There are times in life when a simple truth becomes, as the American constitution has it, ‘self-evident’. When the nagging questions are answered beyond dispute. When the doubts are expelled headlong from the mind. The final morning of this match was one such time. Somerset, now beyond any doubt, have a team capable of winning the County Championship. A team capable of becoming the greatest Somerset team of all time. Chickens though are best not counted. This team is ‘capable’ of those things. They are not yet written in stone. The Championship still has to be won, and this year Essex, and perhaps Yorkshire, may have their say and other counties will in subsequent years. Three of Somerset’s remaining six matches this season will be against those two sides. But after this performance those three matches may be considered opportunities at least as much as threats. Somerset now have their destiny firmly in their own hands to an extent unparalleled in their history.

The final day of this match began with two obstacles in particular likely to stand in Somerset’s way. Rahane and Northeast are both capable of batting through a day. Rossouw too might pose a threat for he had batted unbeaten through the best part of the final day in the corresponding fixture in 2018. In this match Alsop and Weatherley had both suffered disabling injuries to their legs and whilst they might bat their threat was likely to be greatly diminished. Much would depend on Rahane, Northeast and Rossouw. The pitch, often flattens if a match at Taunton reaches a fourth day. Hampshire, in danger of an innings defeat in 2018, defied Somerset throughout a gruelling final day, losing only two wickets in the entire day, to save the game with, in the end, some ease. That memory was on many minds as the players took the field. This pitch though was subtly different to that one. Full of runs undeniably, 1127 on the first three days alone, but for bowlers with the skill to use it, especially with a new ball, it had offered the prospect of bounce and movement off the seam throughout those three days. It was a pitch which produced a dream of a match.

I arrived at the ground just before the players took the field, my third day report unposted. It was complete apart from being proofread and edited. Normally I would have completed the job at the price of the first hour of the day’s play. Not this time. That still small voice within told me to get myself to the ground for the start, come what may. How prescient that voice turned out to be. There were not many of us. More familiar faces than unfamiliar ones as I walked past Gimblett’s Hill to my seat in the lower deck of the Somerset Pavilion. That reflected the total attendance which I doubt topped 600 at any time in the proceedings. As on most other final days the size of the crowd reflected the fact that it was the final day rather than the state of the match.

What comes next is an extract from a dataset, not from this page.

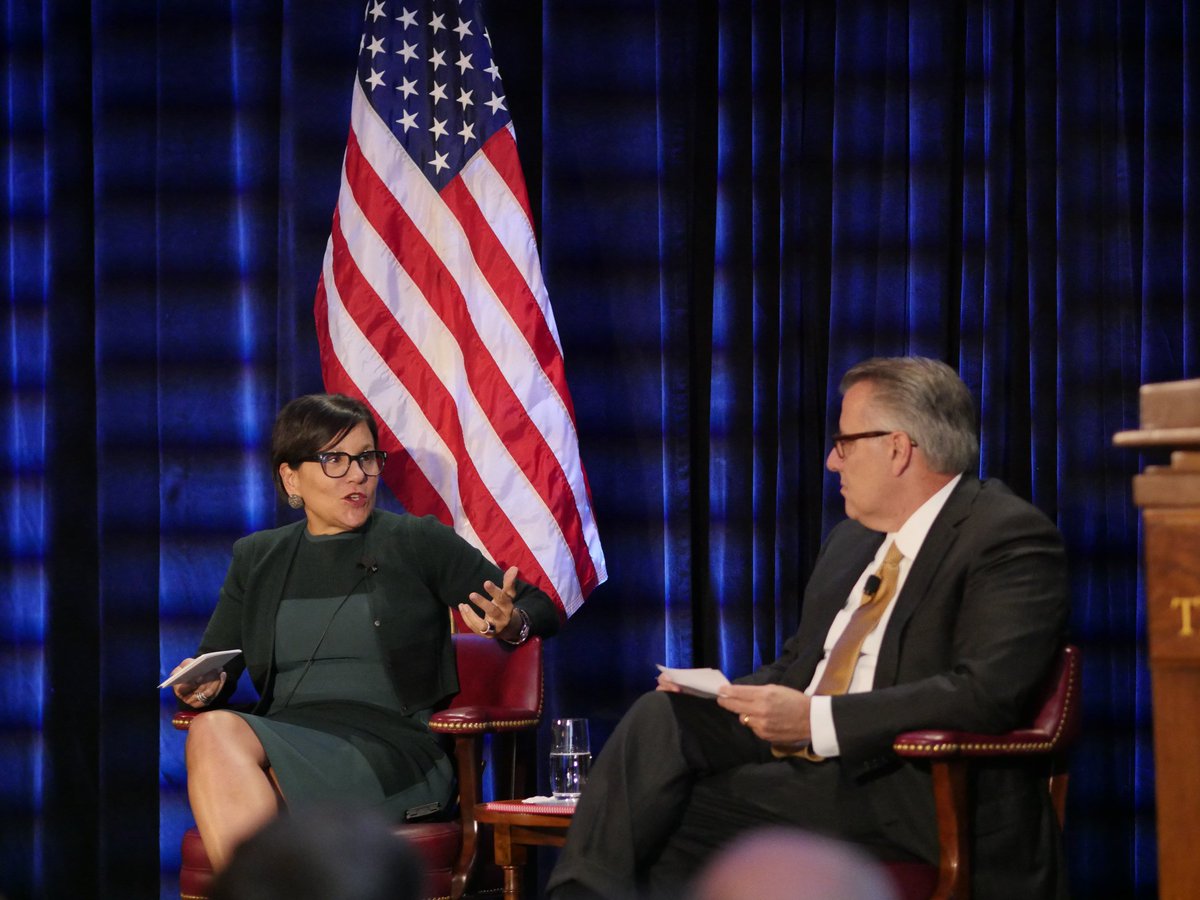 CommerceGov's tweet image. Connecting Economies for Growth: Secretary @PennyPritzker on Why the #TPP Matters bit.ly/2eIYkIN @MotoSolutions @WBEZ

Gregory, from the Somerset Pavilion End, and Overton from the River End, began where they had left off the previous evening. Powering in at the batsmen under a blue sky although now with a scattering of white tufts of cloud. Eyes strained at the pitch looking for any sign of movement or other help for the bowlers. It may have been a small crowd but the intensity of its attention on the cricket was evidenced in its eyes. Focused and unmoving as the bowlers ran in. Gasps filled the air as Overton twice passed Abbott’s bat and as Gregory all but forced a route through to the stumps off Rahane’s bat. Breaths were audibly caught as the ball rattled around in the crease before going dead. Here was hope. The ball must be ‘doing something’.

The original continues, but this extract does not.